Data extracted from a collection:
☆ ☆ ☆ ☆ ☆ ☆ ☆

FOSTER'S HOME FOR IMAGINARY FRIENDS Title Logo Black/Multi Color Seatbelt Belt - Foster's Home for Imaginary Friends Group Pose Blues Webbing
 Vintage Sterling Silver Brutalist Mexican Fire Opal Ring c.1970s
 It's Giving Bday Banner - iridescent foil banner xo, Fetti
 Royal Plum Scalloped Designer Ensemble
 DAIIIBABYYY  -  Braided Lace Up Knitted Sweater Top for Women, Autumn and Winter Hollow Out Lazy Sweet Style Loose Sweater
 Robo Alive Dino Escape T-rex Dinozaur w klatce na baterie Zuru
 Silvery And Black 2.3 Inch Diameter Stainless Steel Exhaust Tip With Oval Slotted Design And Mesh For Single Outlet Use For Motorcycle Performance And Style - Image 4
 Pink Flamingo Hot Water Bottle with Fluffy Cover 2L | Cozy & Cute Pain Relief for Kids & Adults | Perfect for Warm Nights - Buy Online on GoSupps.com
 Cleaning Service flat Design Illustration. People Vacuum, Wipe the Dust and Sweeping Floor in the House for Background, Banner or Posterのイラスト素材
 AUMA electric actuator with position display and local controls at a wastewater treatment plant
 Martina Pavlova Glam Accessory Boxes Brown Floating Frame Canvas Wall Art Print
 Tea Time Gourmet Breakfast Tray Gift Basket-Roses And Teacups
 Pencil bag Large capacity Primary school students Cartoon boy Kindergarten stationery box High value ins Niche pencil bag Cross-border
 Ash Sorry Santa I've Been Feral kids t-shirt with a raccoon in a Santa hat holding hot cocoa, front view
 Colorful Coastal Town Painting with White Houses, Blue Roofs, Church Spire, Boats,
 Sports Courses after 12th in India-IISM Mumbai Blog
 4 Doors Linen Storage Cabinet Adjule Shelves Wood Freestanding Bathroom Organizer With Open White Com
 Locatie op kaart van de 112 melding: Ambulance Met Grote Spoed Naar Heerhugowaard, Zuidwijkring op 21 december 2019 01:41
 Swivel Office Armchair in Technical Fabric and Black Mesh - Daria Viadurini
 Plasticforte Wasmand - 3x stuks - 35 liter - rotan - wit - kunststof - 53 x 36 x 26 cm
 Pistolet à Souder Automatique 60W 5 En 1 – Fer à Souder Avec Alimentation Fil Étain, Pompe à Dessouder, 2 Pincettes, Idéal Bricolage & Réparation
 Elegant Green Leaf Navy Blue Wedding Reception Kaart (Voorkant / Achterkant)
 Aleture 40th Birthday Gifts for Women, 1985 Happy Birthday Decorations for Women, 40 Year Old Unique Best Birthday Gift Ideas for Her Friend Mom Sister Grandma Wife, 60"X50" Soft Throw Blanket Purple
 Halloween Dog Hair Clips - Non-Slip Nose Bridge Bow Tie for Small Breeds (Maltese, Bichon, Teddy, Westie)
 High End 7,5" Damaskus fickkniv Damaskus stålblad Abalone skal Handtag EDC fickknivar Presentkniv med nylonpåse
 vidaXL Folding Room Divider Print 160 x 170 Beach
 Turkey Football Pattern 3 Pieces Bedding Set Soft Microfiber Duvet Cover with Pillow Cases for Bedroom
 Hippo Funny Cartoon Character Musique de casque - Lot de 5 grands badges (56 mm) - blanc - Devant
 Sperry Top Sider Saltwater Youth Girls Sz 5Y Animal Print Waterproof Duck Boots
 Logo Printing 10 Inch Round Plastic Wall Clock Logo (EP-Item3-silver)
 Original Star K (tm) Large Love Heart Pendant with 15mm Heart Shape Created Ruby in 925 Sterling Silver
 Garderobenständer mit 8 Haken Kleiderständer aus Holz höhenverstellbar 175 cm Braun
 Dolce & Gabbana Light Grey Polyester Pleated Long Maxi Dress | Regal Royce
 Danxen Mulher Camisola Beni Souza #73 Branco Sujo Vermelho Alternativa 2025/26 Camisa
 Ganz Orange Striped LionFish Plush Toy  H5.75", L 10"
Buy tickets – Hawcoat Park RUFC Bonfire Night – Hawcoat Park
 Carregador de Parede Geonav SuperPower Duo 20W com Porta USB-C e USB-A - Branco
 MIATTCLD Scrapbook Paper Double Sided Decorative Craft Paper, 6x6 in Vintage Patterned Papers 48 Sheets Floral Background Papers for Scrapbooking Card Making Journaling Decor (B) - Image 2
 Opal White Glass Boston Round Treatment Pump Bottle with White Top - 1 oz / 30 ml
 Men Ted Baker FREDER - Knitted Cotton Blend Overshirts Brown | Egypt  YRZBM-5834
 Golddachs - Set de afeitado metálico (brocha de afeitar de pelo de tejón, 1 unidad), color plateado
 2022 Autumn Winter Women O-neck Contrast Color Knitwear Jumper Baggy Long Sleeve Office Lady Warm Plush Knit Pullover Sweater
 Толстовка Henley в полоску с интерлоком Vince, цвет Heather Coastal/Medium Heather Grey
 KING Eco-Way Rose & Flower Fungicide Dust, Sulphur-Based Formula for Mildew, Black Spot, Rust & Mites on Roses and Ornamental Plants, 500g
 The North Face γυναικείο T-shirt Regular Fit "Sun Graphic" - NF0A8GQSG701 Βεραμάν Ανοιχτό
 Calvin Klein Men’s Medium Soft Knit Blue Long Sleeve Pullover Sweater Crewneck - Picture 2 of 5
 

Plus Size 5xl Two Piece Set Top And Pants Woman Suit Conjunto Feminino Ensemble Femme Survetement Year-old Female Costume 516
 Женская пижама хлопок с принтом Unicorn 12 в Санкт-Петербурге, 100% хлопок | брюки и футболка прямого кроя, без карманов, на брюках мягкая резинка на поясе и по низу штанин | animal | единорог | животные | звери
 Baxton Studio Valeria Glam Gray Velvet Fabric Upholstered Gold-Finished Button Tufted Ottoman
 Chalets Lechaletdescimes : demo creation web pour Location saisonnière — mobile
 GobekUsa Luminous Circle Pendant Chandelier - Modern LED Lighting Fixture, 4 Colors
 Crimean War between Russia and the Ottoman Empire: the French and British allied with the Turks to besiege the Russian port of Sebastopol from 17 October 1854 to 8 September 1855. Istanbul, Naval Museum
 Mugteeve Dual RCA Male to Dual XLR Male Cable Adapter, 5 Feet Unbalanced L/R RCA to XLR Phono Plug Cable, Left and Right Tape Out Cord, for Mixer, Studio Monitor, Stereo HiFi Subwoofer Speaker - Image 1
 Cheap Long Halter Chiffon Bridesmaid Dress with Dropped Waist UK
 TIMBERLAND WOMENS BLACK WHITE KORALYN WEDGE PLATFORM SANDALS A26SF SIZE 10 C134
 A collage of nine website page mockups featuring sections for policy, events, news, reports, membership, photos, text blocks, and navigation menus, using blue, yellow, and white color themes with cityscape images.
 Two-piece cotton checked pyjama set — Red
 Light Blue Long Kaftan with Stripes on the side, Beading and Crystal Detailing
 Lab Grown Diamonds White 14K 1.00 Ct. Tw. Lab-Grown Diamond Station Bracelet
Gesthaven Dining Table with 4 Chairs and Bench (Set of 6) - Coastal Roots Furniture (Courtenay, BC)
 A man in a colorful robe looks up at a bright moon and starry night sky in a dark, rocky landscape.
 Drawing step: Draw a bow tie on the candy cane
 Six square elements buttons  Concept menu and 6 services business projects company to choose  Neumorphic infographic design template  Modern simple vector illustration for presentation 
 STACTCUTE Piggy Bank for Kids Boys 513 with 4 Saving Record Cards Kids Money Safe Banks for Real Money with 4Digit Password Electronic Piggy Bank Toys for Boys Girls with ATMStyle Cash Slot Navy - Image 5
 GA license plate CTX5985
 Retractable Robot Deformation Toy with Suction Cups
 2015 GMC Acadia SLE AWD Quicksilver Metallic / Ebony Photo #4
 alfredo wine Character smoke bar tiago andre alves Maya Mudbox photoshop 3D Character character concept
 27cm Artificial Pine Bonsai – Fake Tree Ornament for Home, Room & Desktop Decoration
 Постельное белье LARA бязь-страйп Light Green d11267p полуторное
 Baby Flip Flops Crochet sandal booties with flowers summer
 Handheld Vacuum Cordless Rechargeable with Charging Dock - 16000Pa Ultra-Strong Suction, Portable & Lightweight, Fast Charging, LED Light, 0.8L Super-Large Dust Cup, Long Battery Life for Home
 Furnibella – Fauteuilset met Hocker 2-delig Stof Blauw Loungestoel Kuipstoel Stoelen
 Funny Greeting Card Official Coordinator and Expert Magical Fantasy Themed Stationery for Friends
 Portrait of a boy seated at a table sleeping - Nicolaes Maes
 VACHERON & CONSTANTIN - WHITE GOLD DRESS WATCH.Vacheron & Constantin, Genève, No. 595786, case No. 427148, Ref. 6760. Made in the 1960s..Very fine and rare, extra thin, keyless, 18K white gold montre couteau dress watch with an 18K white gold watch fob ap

☆ ☆ ☆ ☆ ☆ ☆ ☆

#### REQUIRED WORK
Would you count the lines in the data that contain the word "Branco" and state only the number?

#### TASK SOLUTION
2